Covariance analysis is used for the following purposes: on the one hand, to eliminate any systematic errors that may bias the results of a research (these errors generally occur because they are beyond the control of the researcher), and on the other, to establish the differences in the responses of research participants that are due to their personal characteristics .

This makes the analysis of covariance used to establish differences between treatments, for example.

The result given by the covariance analysis is a corrected score from which the amount or value attributable to the foreign variable has been subtracted.

Covariance analysis allows to increase the precision of the experiments and to eliminate the effects of variables that have nothing to do with the treatment , but that nevertheless are influencing the results.

In addition, it allows us to obtain more information about the nature of the treatments we are applying in our research. In short, it helps us to adjust our results to make them more reliable.

Areas of application

Covariance analysis is mainly applied in the field of applied statistics . This is why it is frequently used in research; however, the type of research in which it may be used varies, and may be educational, clinical, agricultural, health, etc. research.

Examples (applications)

Covariance analysis allows us to study, for example, the relationship between age (covariate) and anxiety levels (dependent variable) by states (treatments), within a clinical psychology research.
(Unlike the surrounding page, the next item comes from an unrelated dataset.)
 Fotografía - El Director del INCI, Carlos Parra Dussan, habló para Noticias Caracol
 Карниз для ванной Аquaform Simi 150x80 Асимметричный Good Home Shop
But, as we have seen, this technique can be used in other types of research, for example in agricultural research: a possible application of this technique would be if we want to study the relationship between the size of the tomatoes (covariate) and the yield per hectare of our orchard (dependent variable) according to the variety of the tomato (different treatments).

Bibliographic references:

  • Amon, J. (2006). Statistics for Psychologists II: Probability, Inferential Statistics. Madrid: Pirámide.
  • Badii, M.H., Castillo, J. & Wong, A. (2008). Use of Covariance Analysis (ANCOVA) in scientific research. Business Innovations, 5(1): 25 – 38.
  • Ferguson, G.A. (1989). Statistical analysis in education and psychology. Madrid: Anaya.